## GOAL OF THE EXERCISE
Take the records below and set down exactly the lines from the one with "Open black box containing three lip crayons" to the one with "Multiple GT3 race", ends included; do not copy the pictures.

## PROVIDED RECORDS
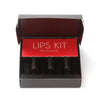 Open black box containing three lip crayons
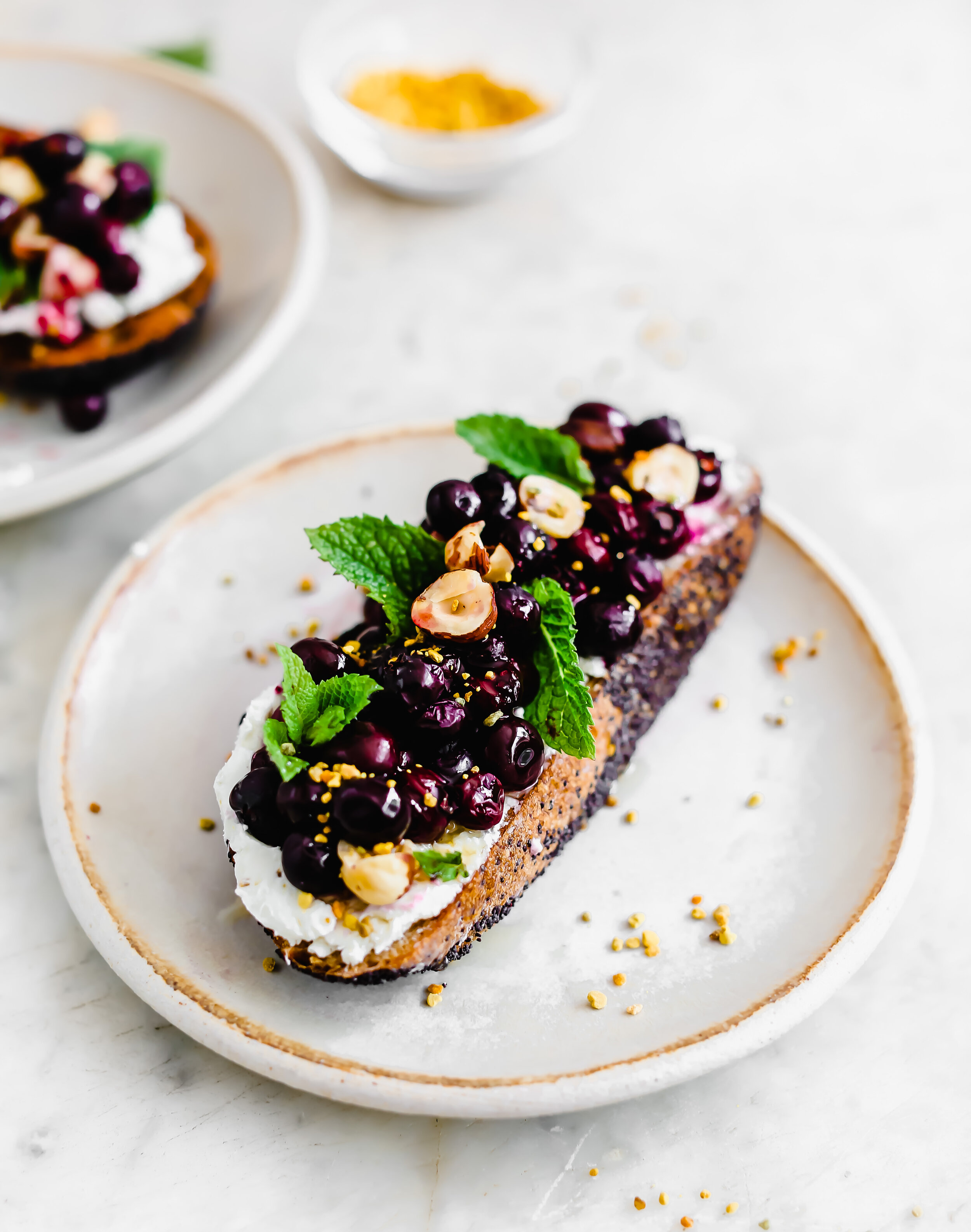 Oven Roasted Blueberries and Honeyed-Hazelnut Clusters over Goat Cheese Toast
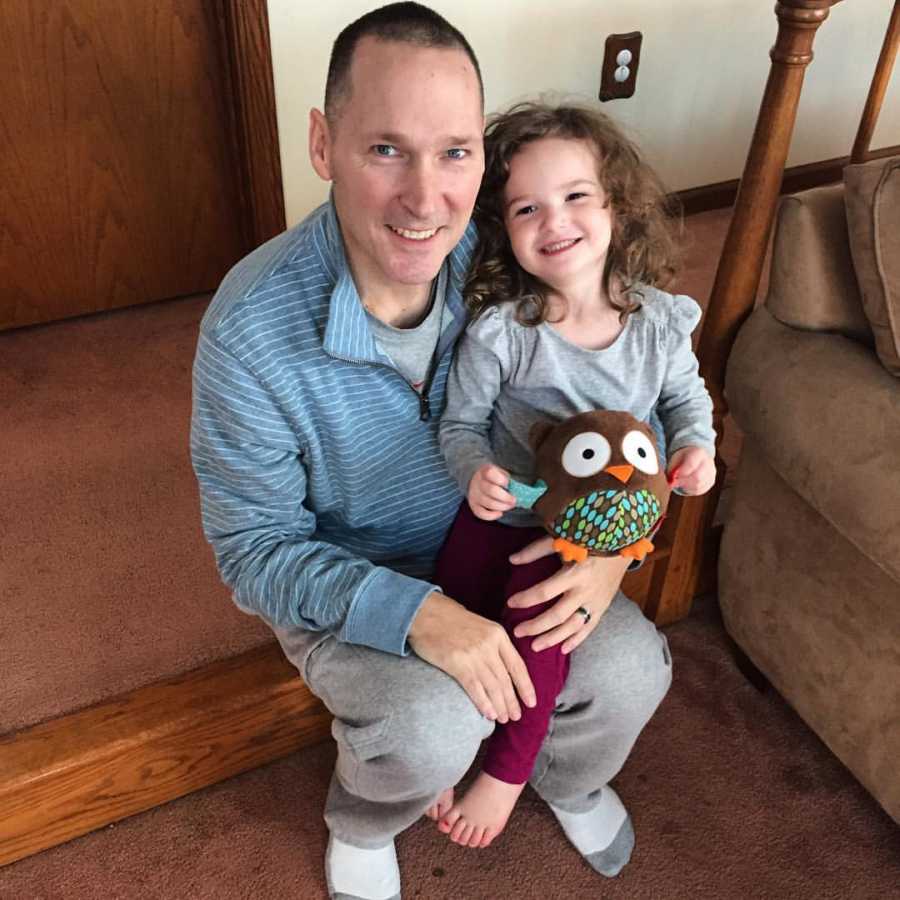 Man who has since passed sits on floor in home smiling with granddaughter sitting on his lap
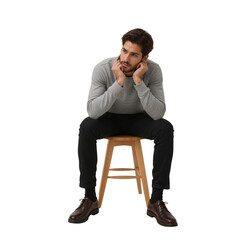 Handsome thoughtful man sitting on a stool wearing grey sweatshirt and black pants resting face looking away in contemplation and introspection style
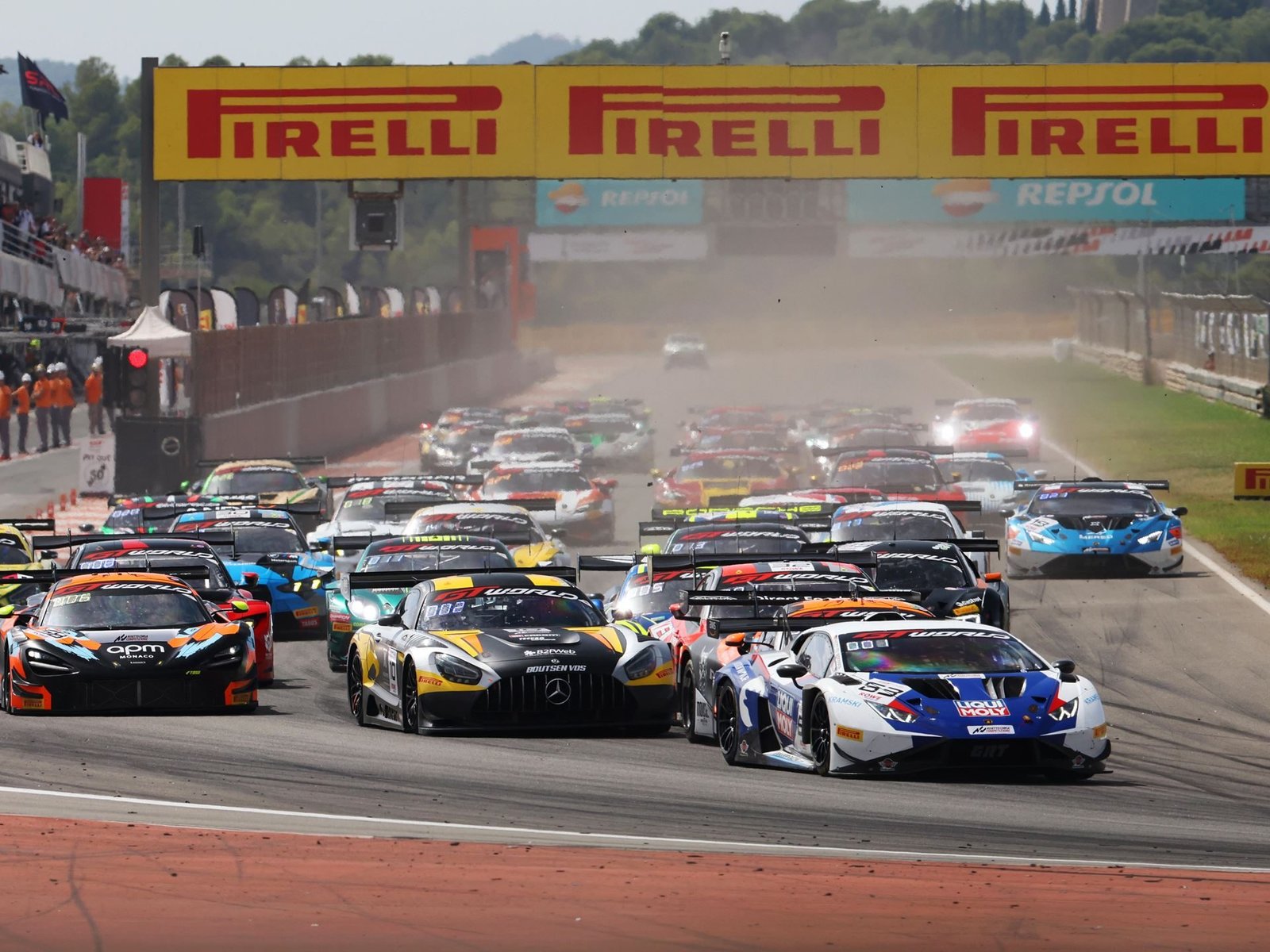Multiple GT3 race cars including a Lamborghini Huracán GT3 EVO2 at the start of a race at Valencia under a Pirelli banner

* * *

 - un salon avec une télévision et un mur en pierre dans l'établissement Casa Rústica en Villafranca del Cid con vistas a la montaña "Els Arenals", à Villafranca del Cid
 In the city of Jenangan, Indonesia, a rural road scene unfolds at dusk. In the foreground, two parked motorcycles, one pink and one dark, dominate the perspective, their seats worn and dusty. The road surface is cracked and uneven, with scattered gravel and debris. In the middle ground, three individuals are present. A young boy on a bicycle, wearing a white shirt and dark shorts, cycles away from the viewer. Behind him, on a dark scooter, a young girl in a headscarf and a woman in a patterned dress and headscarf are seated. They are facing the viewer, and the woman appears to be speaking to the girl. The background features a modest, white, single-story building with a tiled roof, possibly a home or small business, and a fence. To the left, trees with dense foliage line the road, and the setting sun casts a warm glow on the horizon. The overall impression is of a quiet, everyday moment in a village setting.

* * *

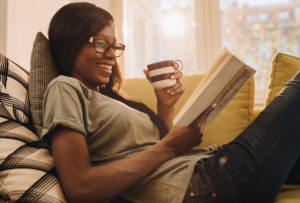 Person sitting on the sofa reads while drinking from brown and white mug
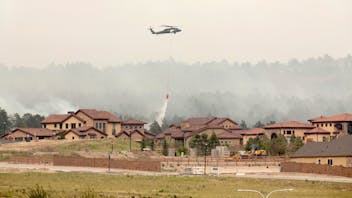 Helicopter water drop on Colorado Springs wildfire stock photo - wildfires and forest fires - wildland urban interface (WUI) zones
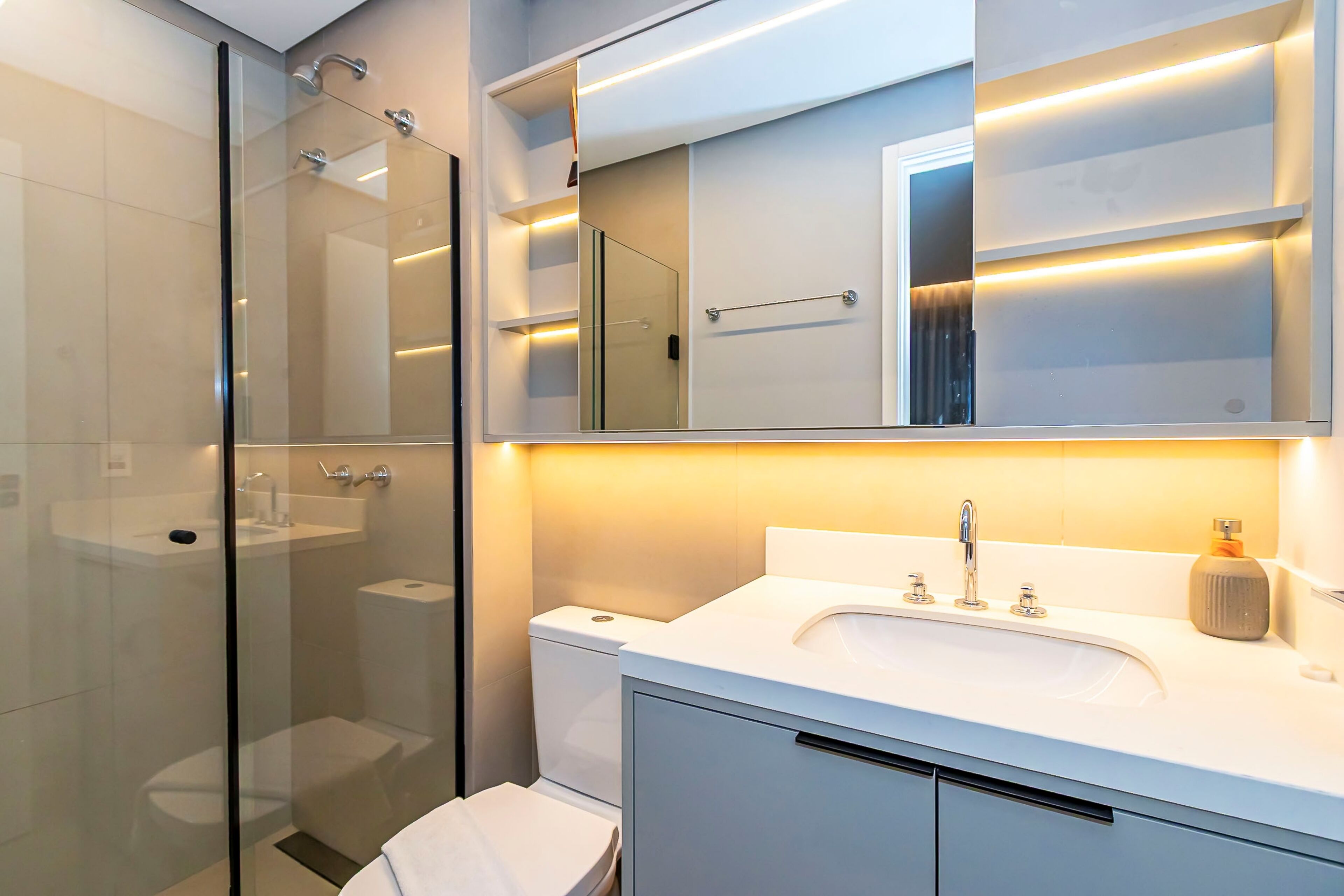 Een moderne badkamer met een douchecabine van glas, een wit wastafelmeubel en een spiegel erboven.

## FINISHED EXERCISE
 Open black box containing three lip crayons
 Oven Roasted Blueberries and Honeyed-Hazelnut Clusters over Goat Cheese Toast
 Man who has since passed sits on floor in home smiling with granddaughter sitting on his lap
 Handsome thoughtful man sitting on a stool wearing grey sweatshirt and black pants resting face looking away in contemplation and introspection style
Multiple GT3 race cars including a Lamborghini Huracán GT3 EVO2 at the start of a race at Valencia under a Pirelli banner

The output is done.